I often feel that by being a postgrad History of Art student, I ought to know what’s happening with ALL artworks. What are they about? Could I explain them to someone else, who maybe wasn’t as keen on art as I am? But at this stage of the exhibition, I was quite lost and I couldn’t really get my head around the artist’s aesthetic choices. Perhaps the invigilator noticed I looked baffled and handed me the Gallery guide, which was helpful. This has happened to me a couple of times at the Fruitmarket and I always think how great it is that the invigilators are encouraged to interact with the public.

The guide explained that the giant melted ice pops were part of a series of early works known as Untitled Water Compositions.

“When they were first made and shown for short periods of time, they were designed to be activated by the audience, to be pliable and responsive to touch as flesh might be, challenging the static, intransigent nature of much minimalist sculpture of the 1960s. The works we are showing have been recreated for this exhibition. We ask you not to touch them as they become extremely fragile over the longer time of the exhibition.”

This really irks me. What’s the point of something which was conceived by the artist as kinetic, which is now static? The meaning and substance of the work is completely altered. For artists like Nengudi who work with performance, the fragility of the piece is surely essential to its conception? Plus, on a practical note, these aren’t even the ‘original’ pieces, so that plastic can’t be that fragile. It is sometimes difficult to know who makes these decisions. Is it the host gallery, the external curator, the gallery representing the artist, or the artist herself? The whole thing reminded me, in a bad way, of one of my most frustrating exhibition experiences at the Alexander Calder exhibition at Tate. There was a key piece of sculpture which took up an entire room. The conceit of the work was a pendulum that swung and hit the different objects in its path, thus creating different patterns of sounds and a unique journey through the space each time it was set off. The sculpture was not permitted to move because the estate of Alexander Calder didn’t want it to be damaged: the ultimate example of how monetary value can totally eraticate the aesthetic value of a work.

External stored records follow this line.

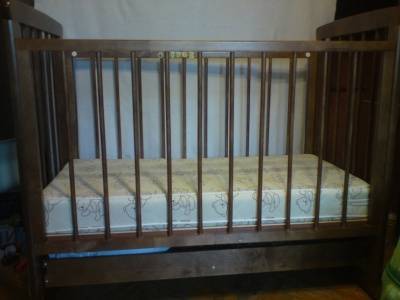 Как покрасить деревянную детскую кровать
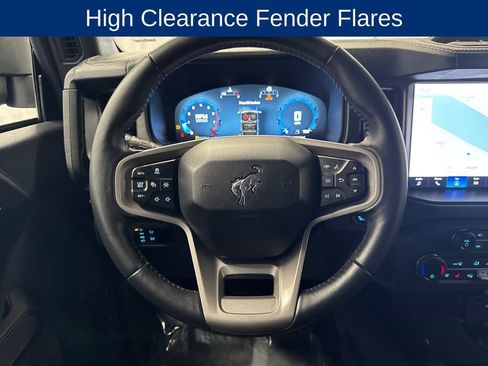 Certified 2025 Ford Bronco Badlands AWD/4WD image 17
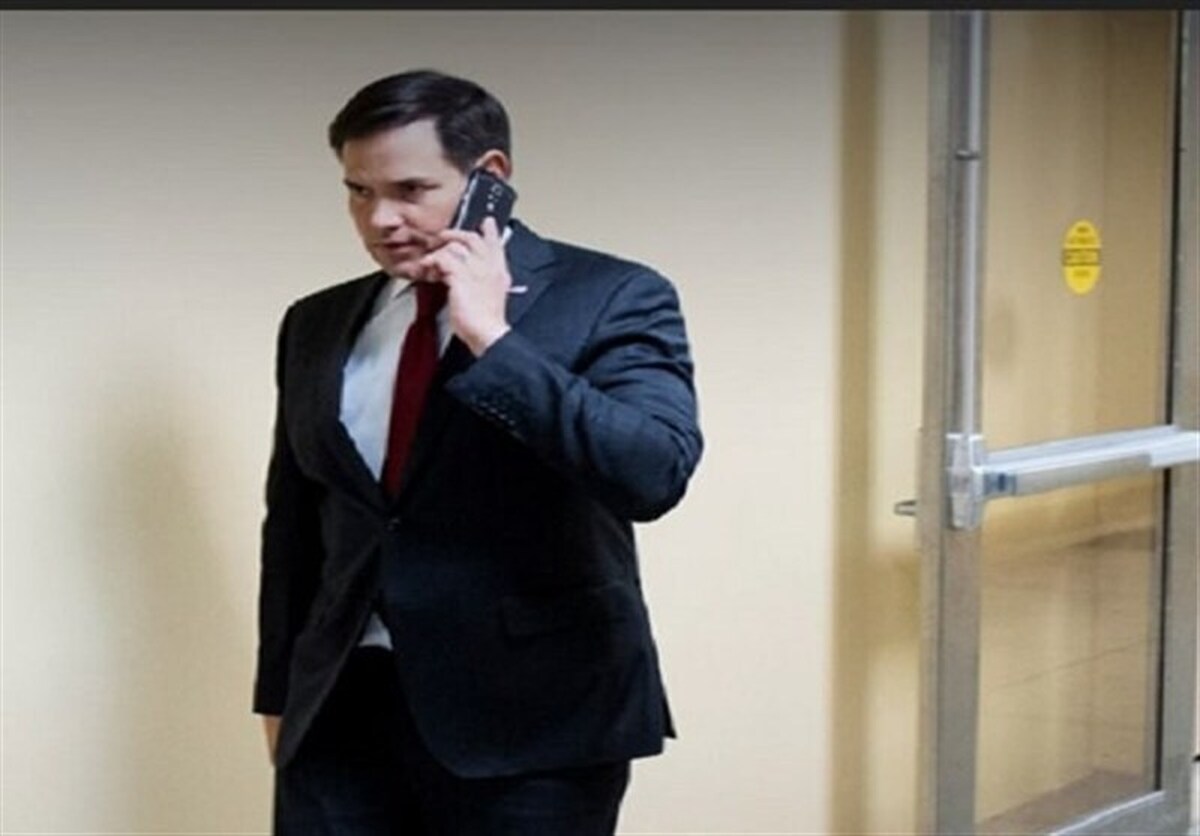 پرواز پهپاد بر فراز پایگاه نظامی محل اقامت وزرای جنگ و خارجه آمریکا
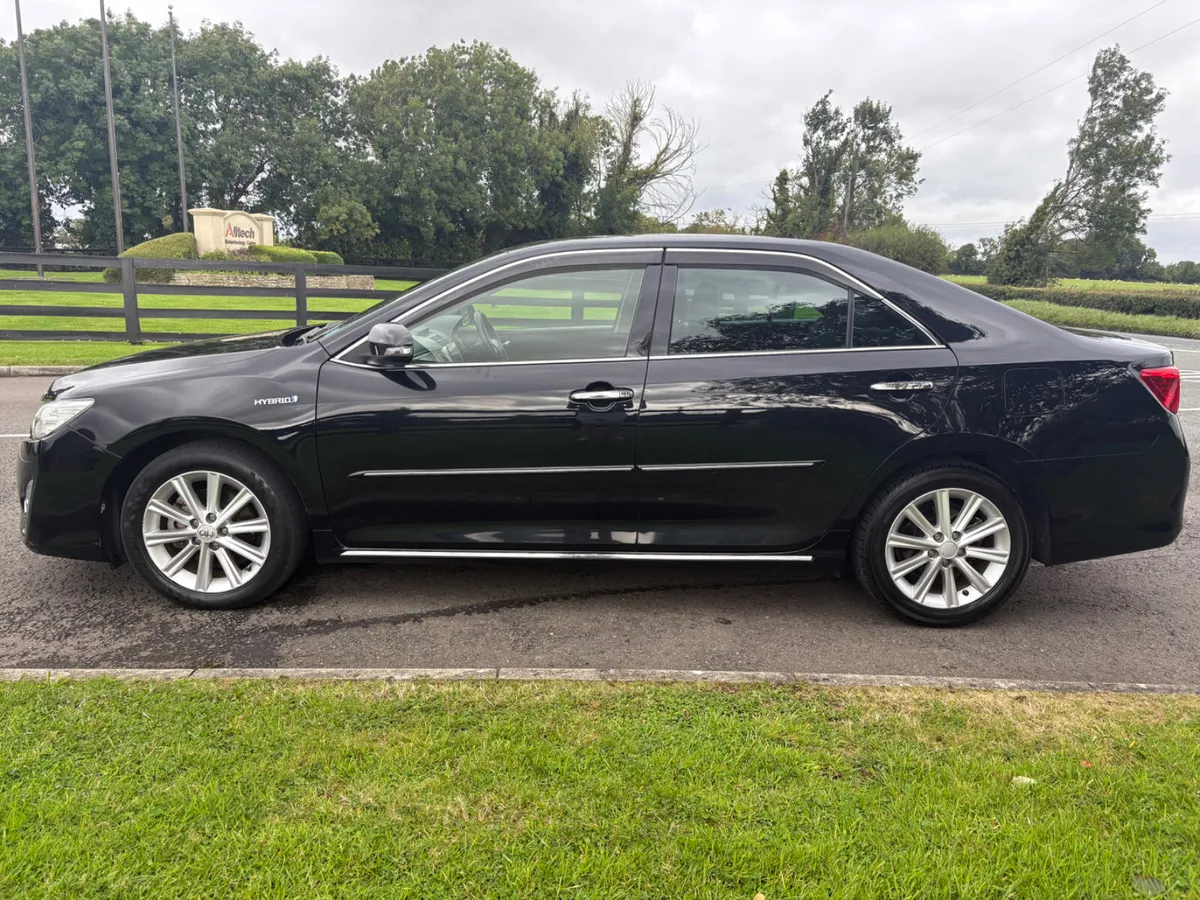 2.5 PETROL HYBRID*NEW NCT 06/26*HIGH SPEC - Image 4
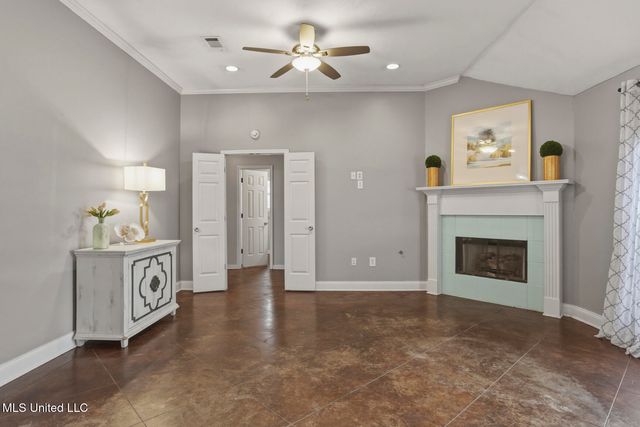 459 Oak Lawn Drive, Pearl, MS 39208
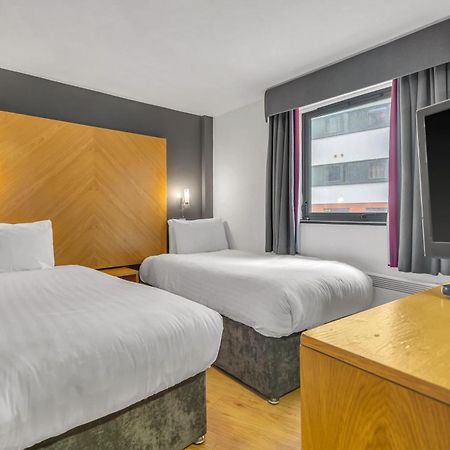 Roomzzz Leeds City West Bagian luar foto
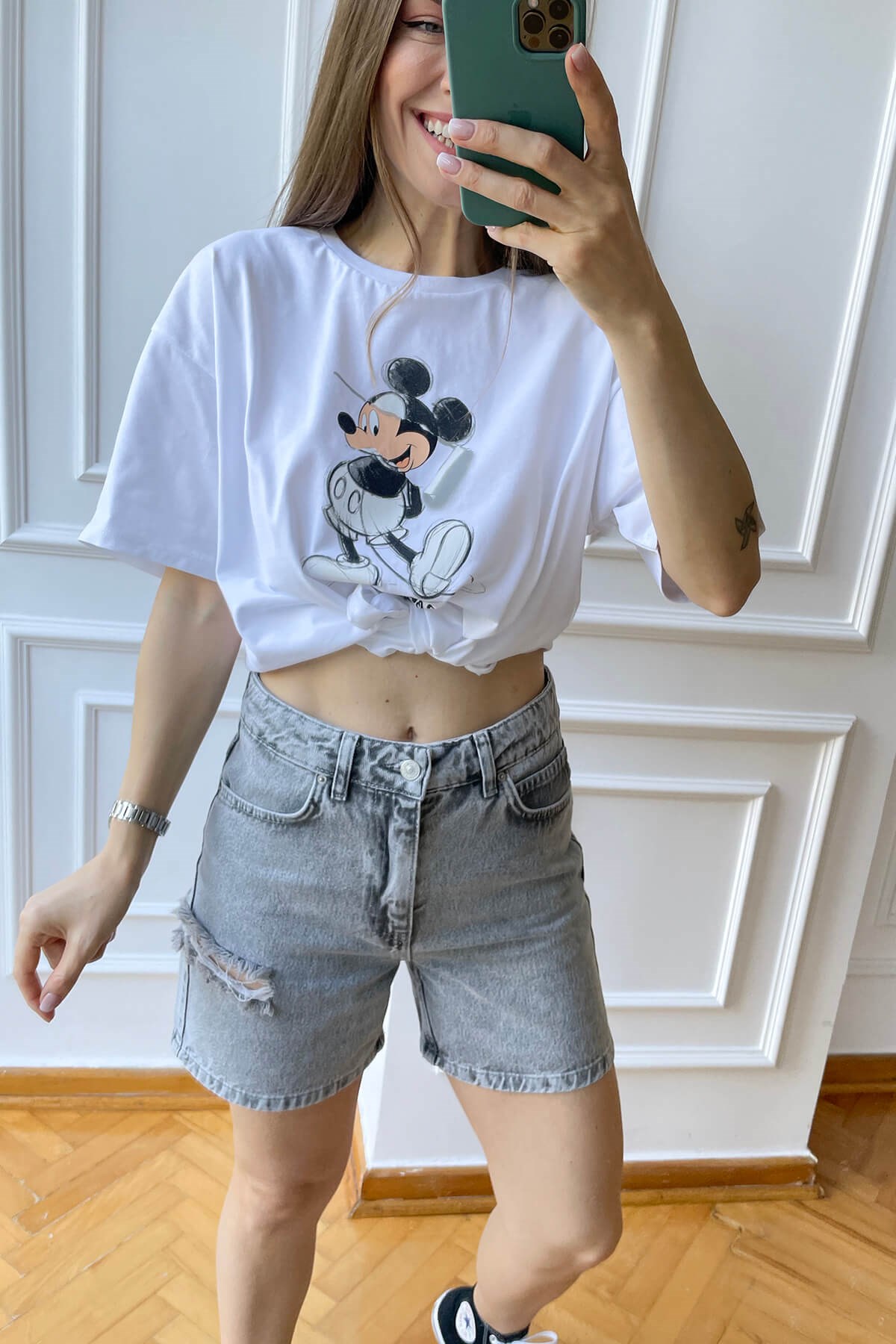 Beyaz Mickey Baskılı T-Shirt
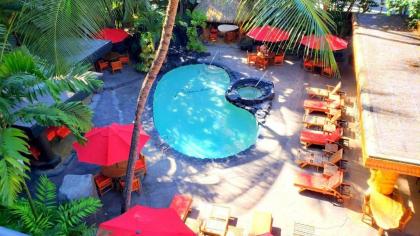Bamboo Hotel Condo - Queen Studio with Balcony - Steps to Waikiki Beach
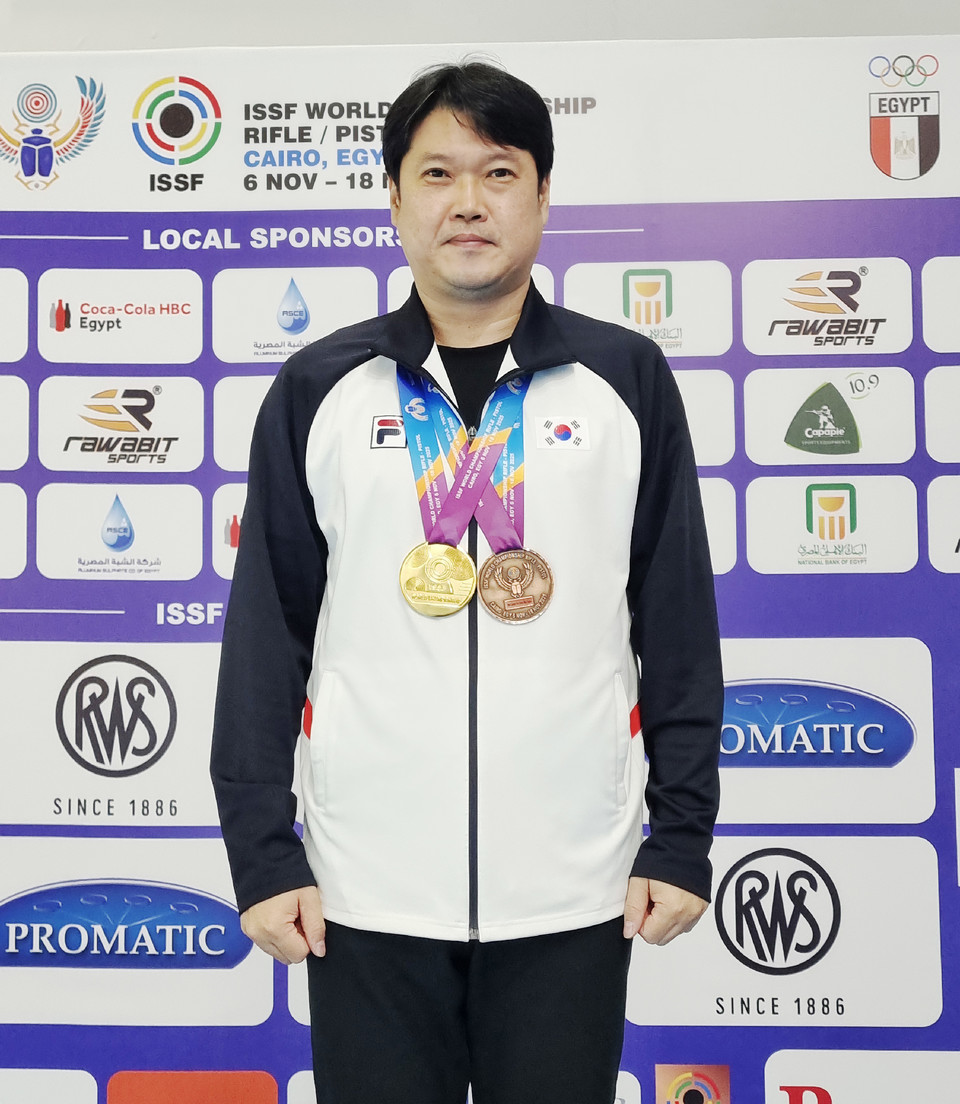 ▲ 2025 ISSF 카이로 세계사격선수권대회에서 금메달 1개, 동메달 1개를 획득한 소승섭 선수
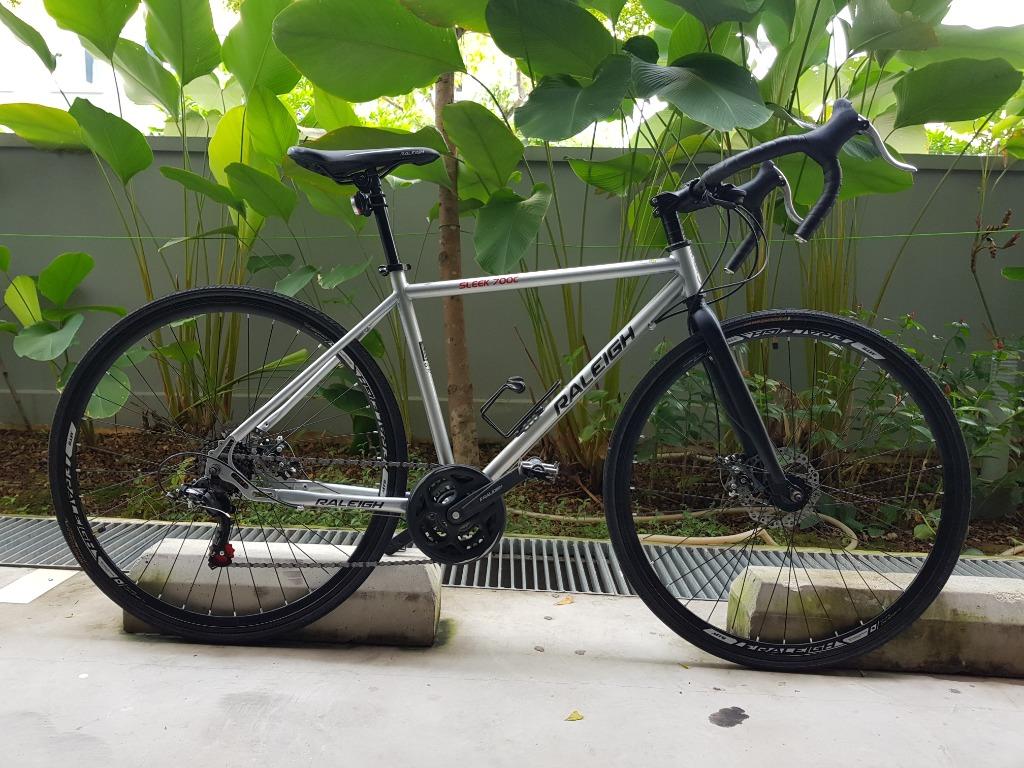RALEIGH Vintage Hybrid Road Bike 700c Sports Equipment Bicycles Parts Bicycles on Carousell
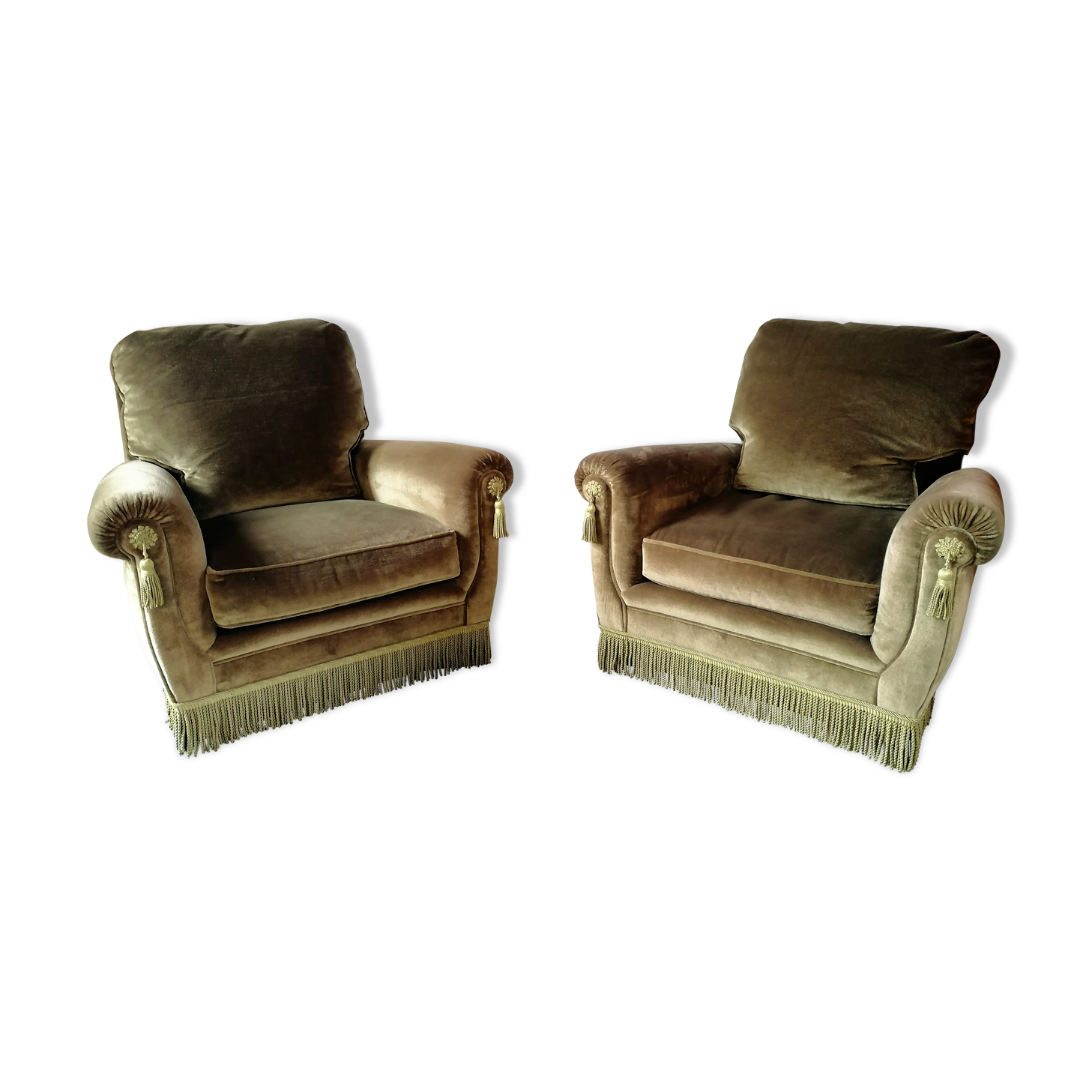 Paire de fauteuils en velours "Jean Roche "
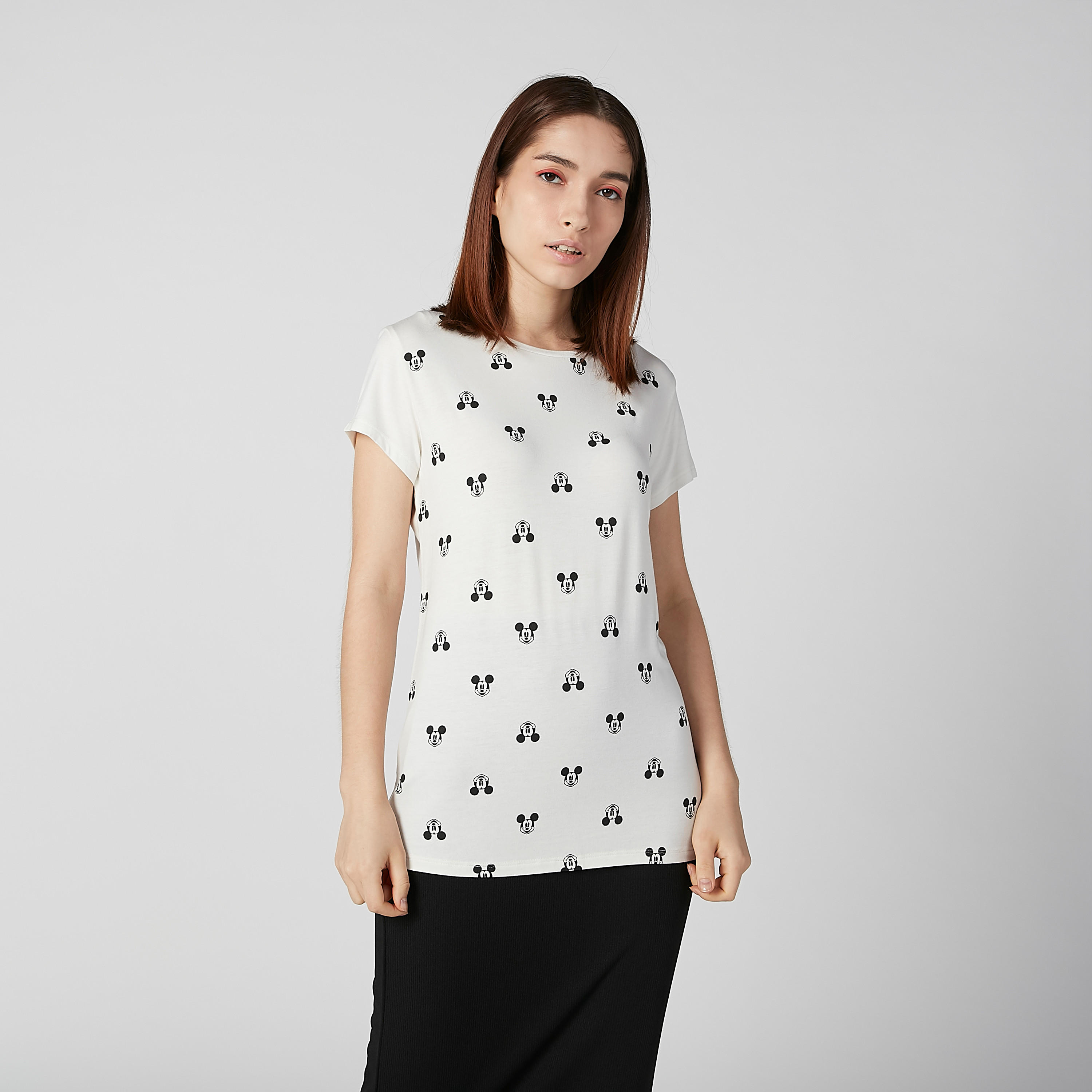 تيشيرت سكيني بياقة مستديرة وأكمام كاب وطبعات ميكي ماوس-women-clothing-tshirts-image-1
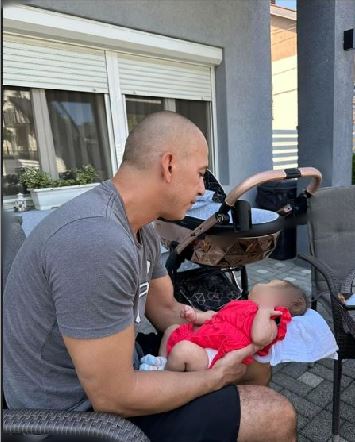 Topalko raznežio sve fotografijom sa unukom: "Vragolanka i njen deda" (FOTO) 6 11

I made my way upstairs feeling a bit pissed off about the whole thing. But the upstairs was where the exhibition really started to come together, the R.S.V.P sculptures Nengudi has created with tights/stockings having the biggest impact. These were first created in the mid-1970s, way before Sarah Lucas created her tortured forms using stockings (I’m thinking of Tate’s Pauline Bunny, 1997). The tension between the stretched nylon and the stones/sandbags weighing them down was palpable. Particularly striking and important was the use of dark brown tights, depicting black skin. It brought to mind the difficulties women of colour can face when trying to do a simple thing like buying tights: “flesh coloured” is a loaded term, and many beauty products still haven’t caught up. These seemingly simple works allude to absent female bodies which are simultaneously weak and fragile, powerful and tenacious, able to withstand their own tortured forms. They say a lot even though their forms are simple, their materials part of the everyday. That was the part of the exhibition that will stay with me and helped me to better understand the other works I had almost dismissed.